Polite Society

Director: Nida Manzoor (UK). Year of Release: 2023

The first thing that you notice about Polite Society is the opening song. A bit of surf guitar. A bit of Mariachi trumpet. A lot of sounds that you’d expect to hear in a Bollywood film. It turns out that the song is You Me Bullets Love by The Bombay Royale, who appear elsewhere on the soundtrack. They are very good indeed. As the song plays, we watch the chaotic life of an Asian girl – arriving late for a judo class, cycling past Shepherds Bush tube station, window shopping.

Cut to: another young Asian woman refusing to get out of bed. Ria Khan’s cooler older sister Lena is depressed, having recently dropped out of art college. Her liberal parents had encouraged her to do whatever she wanted, but they look relieved. Mother congratulates her on her brave decision. Now she can get on with life and find a good husband. Father stays in the background and says nothing, Only Ria is disappointed, surely in part because Lena’s rebelliousness shows her what is possible.

For the moment, Ria needs Lena to film her ambitious (and usually unsuccessful) attempts at kung fu moves. At her posh school, Ria announces her ambition to be a stuntwoman – something which is laughed off as unrealistic by her teacher, unlike the classmate who has got a relative at the RSC to find her an internship. Why doesn’t Ria become a doctor – the stock-in-trade for Asian girls who are rich enough to consider a career?

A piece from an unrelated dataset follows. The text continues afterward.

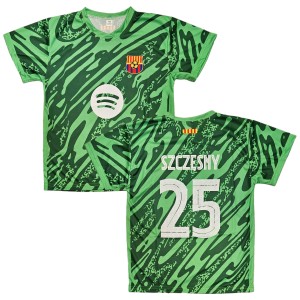 KOSZULKA PIŁKARSKA Szczęsny BARCELONA KOSZULKA SPORTOWA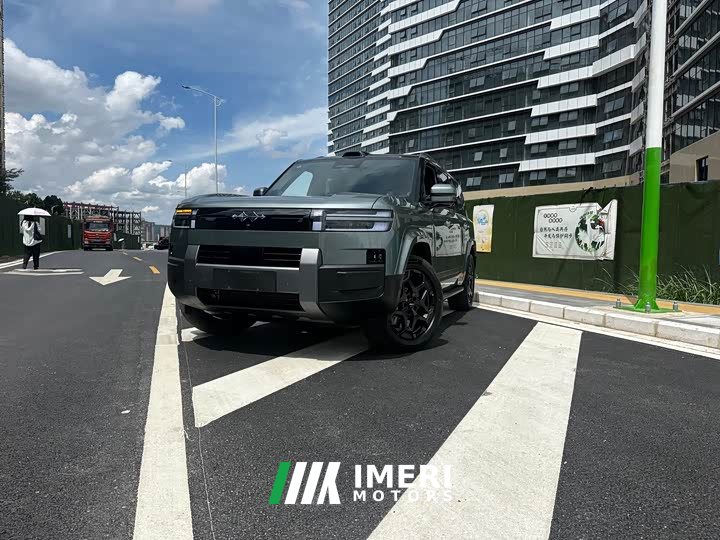 Fangchengbao Titanium 7 190KM four-wheel drive Ultra version - автомобиль из Китая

Ria doesn’t let the derision of her teacher put her off, and sends off yet another mail to stuntwoman Eunice Huthart (apparently a real person and former Gladiator). As the film progresses, she engages with a number of staged fights with her adversaries – most notably school bully Kovacs (who is twice her size) and Raheela, Lena’s evil prospective mother-in-law. As we have already seen in the stunts filmed by Lena, which normally end with Ria falling on her arse, she loses as many fights as she wins.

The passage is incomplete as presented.